### [Material shown]
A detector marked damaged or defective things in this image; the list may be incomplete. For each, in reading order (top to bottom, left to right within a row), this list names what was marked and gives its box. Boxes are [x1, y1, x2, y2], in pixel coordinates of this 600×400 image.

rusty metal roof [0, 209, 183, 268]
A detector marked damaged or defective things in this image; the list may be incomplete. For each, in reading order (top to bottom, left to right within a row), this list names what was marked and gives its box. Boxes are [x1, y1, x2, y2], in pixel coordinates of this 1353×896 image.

---

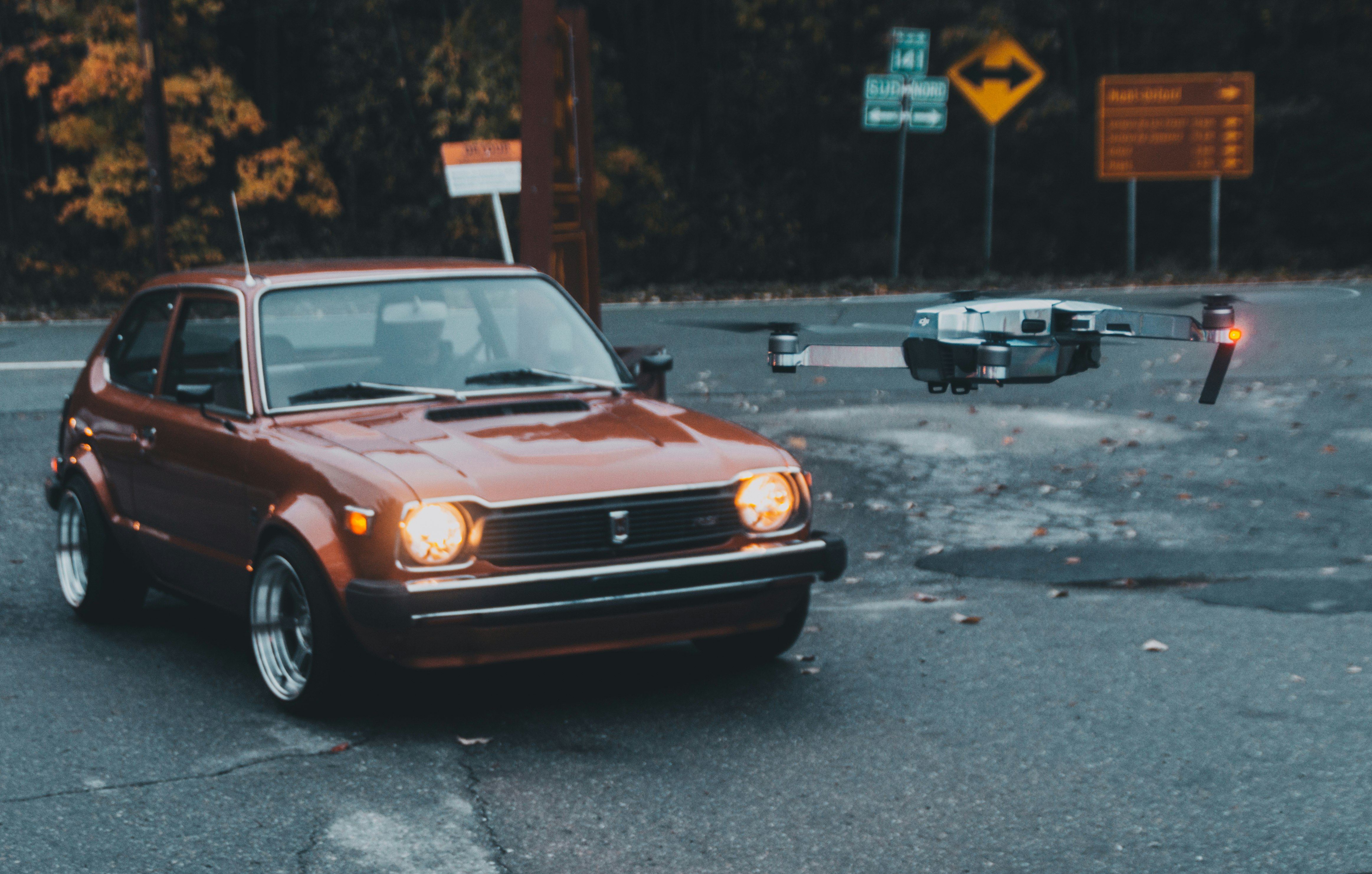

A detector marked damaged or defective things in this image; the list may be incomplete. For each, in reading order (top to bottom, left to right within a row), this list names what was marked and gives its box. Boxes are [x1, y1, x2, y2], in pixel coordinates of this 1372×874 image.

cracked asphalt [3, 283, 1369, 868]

...

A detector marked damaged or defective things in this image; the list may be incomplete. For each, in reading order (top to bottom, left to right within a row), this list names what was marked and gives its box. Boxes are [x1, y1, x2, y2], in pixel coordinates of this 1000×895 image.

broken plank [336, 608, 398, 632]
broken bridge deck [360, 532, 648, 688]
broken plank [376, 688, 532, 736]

### [Task item]
In the material above, transcribe exactly the lines beginning at the one with "this 600×400 image." and ending at the one with "this 1353×896 image.", both included.

### [Result of the task]
A detector marked damaged or defective things in this image; the list may be incomplete. For each, in reading order (top to bottom, left to right within a row), this list names what was marked and gives its box. Boxes are [x1, y1, x2, y2], in pixel coordinates of this 600×400 image.

rusty metal roof [0, 209, 183, 268]
A detector marked damaged or defective things in this image; the list may be incomplete. For each, in reading order (top to bottom, left to right within a row), this list names what was marked and gives its box. Boxes are [x1, y1, x2, y2], in pixel coordinates of this 1353×896 image.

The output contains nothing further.